Information provided section start
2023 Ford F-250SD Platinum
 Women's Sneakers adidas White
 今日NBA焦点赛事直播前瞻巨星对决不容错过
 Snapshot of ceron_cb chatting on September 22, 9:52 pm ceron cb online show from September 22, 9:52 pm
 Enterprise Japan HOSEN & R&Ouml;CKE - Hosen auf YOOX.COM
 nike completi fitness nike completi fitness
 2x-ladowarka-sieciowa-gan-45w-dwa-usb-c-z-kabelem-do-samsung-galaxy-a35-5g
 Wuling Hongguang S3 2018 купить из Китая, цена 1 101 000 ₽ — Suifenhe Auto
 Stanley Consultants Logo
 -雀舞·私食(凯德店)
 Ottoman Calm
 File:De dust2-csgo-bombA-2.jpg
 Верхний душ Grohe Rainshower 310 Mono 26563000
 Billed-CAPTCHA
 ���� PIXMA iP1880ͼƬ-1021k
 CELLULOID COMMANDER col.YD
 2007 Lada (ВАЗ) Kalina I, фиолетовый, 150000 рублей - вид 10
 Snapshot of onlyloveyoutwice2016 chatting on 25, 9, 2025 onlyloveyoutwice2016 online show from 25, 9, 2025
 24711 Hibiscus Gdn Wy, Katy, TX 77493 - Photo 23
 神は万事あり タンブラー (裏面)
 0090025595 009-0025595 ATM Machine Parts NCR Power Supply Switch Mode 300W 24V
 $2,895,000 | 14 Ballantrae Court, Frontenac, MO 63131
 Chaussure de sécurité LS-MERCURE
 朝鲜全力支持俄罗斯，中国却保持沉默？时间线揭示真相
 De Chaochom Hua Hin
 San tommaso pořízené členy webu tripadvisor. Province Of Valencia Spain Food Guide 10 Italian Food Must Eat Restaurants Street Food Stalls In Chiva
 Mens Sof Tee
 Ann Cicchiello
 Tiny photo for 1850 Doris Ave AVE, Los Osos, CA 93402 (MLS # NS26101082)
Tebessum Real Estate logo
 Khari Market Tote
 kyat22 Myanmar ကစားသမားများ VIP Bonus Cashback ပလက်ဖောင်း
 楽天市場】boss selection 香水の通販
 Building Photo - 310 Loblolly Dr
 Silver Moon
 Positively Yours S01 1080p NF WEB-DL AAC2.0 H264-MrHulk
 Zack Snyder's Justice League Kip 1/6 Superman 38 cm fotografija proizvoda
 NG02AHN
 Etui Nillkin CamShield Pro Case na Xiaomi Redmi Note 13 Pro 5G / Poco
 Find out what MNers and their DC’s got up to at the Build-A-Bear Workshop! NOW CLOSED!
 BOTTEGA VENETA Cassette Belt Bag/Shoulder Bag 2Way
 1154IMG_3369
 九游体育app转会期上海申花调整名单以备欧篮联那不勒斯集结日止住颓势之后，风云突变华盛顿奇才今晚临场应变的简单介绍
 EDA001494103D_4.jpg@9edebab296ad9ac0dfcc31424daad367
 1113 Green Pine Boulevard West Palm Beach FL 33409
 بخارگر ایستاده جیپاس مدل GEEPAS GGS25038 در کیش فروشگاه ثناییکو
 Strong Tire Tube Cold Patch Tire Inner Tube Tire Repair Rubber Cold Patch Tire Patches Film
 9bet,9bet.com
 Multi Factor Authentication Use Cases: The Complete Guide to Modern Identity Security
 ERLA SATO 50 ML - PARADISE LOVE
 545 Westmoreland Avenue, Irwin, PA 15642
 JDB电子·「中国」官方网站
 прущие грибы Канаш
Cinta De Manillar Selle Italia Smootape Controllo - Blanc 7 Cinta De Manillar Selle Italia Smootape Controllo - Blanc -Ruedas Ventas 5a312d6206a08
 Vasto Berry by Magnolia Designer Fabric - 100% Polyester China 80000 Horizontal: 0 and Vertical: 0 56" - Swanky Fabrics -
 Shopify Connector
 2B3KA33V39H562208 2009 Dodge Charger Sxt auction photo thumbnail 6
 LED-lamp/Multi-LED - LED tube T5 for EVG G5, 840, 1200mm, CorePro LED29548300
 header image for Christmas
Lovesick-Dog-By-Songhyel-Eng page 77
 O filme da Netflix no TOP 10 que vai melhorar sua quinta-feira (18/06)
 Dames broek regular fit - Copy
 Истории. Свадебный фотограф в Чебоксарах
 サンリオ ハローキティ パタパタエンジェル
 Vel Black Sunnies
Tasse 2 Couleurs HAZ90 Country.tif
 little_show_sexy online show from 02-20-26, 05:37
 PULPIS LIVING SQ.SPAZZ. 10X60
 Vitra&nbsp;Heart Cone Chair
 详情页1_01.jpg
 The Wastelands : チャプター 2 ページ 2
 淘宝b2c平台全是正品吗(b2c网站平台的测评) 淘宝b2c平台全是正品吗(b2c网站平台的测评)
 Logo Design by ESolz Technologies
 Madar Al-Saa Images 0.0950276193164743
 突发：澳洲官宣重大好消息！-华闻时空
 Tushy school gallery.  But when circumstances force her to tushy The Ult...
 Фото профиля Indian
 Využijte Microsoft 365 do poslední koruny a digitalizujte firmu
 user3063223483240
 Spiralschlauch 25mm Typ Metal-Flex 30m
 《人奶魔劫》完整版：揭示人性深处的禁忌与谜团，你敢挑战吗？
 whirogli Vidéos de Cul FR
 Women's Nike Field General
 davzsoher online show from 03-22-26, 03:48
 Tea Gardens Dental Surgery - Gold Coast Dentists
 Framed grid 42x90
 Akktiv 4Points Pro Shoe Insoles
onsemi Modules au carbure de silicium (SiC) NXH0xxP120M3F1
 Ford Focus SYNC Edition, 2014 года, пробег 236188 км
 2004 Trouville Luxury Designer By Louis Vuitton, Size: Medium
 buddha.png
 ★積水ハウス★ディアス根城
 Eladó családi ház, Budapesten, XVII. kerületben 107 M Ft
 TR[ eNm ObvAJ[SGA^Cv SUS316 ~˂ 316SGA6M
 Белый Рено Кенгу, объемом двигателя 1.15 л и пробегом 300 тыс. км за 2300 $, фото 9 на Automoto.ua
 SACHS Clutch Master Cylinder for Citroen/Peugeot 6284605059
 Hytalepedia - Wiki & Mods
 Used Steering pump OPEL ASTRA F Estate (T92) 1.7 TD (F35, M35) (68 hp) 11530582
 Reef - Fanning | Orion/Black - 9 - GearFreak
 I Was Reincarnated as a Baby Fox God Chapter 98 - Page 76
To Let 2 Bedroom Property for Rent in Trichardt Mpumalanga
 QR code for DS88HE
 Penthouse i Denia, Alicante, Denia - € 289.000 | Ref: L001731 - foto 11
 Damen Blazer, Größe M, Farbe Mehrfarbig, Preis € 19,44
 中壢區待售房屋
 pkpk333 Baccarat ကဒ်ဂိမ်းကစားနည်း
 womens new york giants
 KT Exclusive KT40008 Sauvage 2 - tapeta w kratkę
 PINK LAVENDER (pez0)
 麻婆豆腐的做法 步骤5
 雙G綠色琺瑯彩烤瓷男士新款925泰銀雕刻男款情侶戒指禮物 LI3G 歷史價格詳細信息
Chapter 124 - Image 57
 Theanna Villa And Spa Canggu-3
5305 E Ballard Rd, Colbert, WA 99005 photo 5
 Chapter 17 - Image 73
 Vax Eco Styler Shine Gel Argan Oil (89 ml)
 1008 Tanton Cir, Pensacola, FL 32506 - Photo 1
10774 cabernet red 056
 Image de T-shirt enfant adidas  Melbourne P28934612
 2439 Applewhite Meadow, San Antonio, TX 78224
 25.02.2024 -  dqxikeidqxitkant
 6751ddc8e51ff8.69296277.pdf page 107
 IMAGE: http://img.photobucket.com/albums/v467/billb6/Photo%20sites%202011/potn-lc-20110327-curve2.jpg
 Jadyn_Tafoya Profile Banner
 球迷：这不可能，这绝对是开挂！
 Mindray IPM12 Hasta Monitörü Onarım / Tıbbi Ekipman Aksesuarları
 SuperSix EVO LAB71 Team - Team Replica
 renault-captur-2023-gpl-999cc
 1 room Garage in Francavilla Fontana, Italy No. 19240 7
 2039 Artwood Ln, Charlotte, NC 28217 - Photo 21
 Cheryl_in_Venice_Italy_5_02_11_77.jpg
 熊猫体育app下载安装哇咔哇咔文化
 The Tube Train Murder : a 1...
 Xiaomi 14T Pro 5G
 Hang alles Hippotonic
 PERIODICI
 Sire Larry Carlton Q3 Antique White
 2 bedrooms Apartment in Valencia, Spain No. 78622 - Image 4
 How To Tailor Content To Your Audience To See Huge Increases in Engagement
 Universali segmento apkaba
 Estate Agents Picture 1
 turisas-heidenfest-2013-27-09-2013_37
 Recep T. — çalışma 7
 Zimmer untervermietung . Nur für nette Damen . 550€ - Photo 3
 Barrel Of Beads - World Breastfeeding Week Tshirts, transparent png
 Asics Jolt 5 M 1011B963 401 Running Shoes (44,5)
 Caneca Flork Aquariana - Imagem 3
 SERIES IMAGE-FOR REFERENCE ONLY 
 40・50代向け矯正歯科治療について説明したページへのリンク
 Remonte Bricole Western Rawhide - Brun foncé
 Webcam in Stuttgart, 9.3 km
Information provided section end
> [Work item]: Every line of the material that holds the word "Ford" must be found and copied.

> [Solution to the problem]:
2023 Ford F-250SD Platinum
 Ford Focus SYNC Edition, 2014 года, пробег 236188 км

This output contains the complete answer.